KACZ
- Riley, Kansas; United States;
- Broadcast area: Manhattan-Junction City-Fort Riley
- Frequency: 96.3 MHz
- Branding: Z 96-3

Programming
- Language: English
- Format: Top 40 (CHR)

Ownership
- Owner: Manhattan Broadcasting Company
- Sister stations: KBLS, KMAN, KMKF, KXBZ

History
- First air date: September 16, 2002

Technical information
- Licensing authority: FCC
- Facility ID: 88543
- Class: C3
- ERP: 12,500 watts
- HAAT: 145 meters

Links
- Public license information: Public file; LMS;
- Website: http://www.z963.com/

= KACZ =

KACZ (96.3 FM, "Z 96.3") is a Top 40 (CHR) formatted radio station owned by Manhattan Broadcasting Company. The station is broadcast from Manhattan, Kansas, with an ERP of 12.5 kW with its COL as Riley, Kansas. The station serves the Manhattan-Junction City-Fort Riley area, as well as portions of Northeast Kansas. Their slogan is "The #1 Hit Music Station."

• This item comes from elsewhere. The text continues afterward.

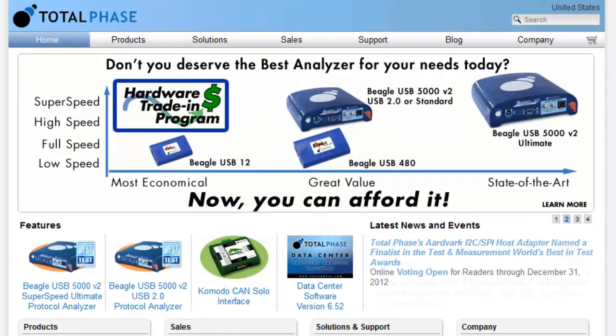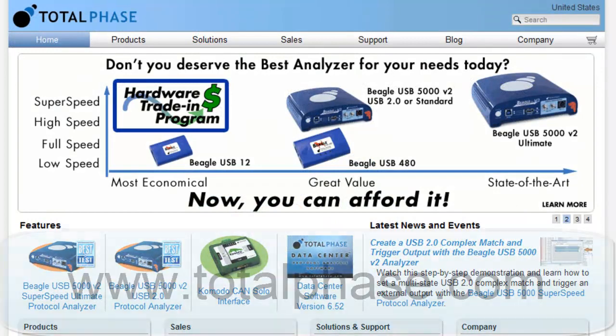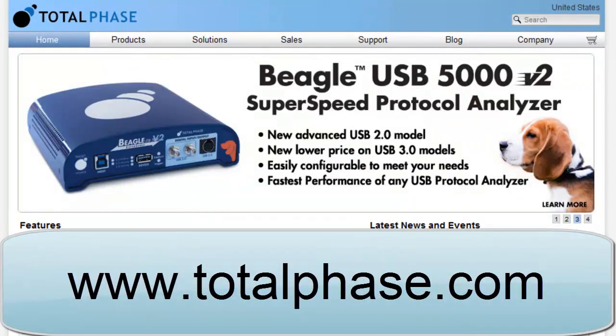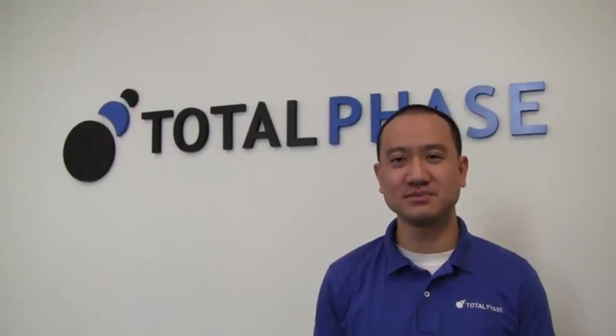To find the answer, you can go to our website at www.totalphase.com. Be sure to submit your answer to this week's question for your chance to win the Beagle USB 12 Analyzer from Total Phase. Good luck!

KACZ is part of Manhattan Broadcasting Company, which also owns KMAN (News Talk/Sports), KXBZ (Hot Country), KMKF (Rock), and KBLS (Adult Contemporary). Matt Walters serves as the General Manager and Andrea Besthorn is the Sales Manager. Chris Swick is KACZ's Program Director.

==Programming==
Currently, the station airs Elvis Duran and the Morning Show. The station has aired the show since early 2014, replacing "Kidd Kraddick in the Morning" shortly after Kraddick's untimely death. The airstaff also features Treyvion (10a-2p), Swick (2p-7p), and Auh'shay (7p-12a). Weekend programming includes the "American Top 40 Countdown".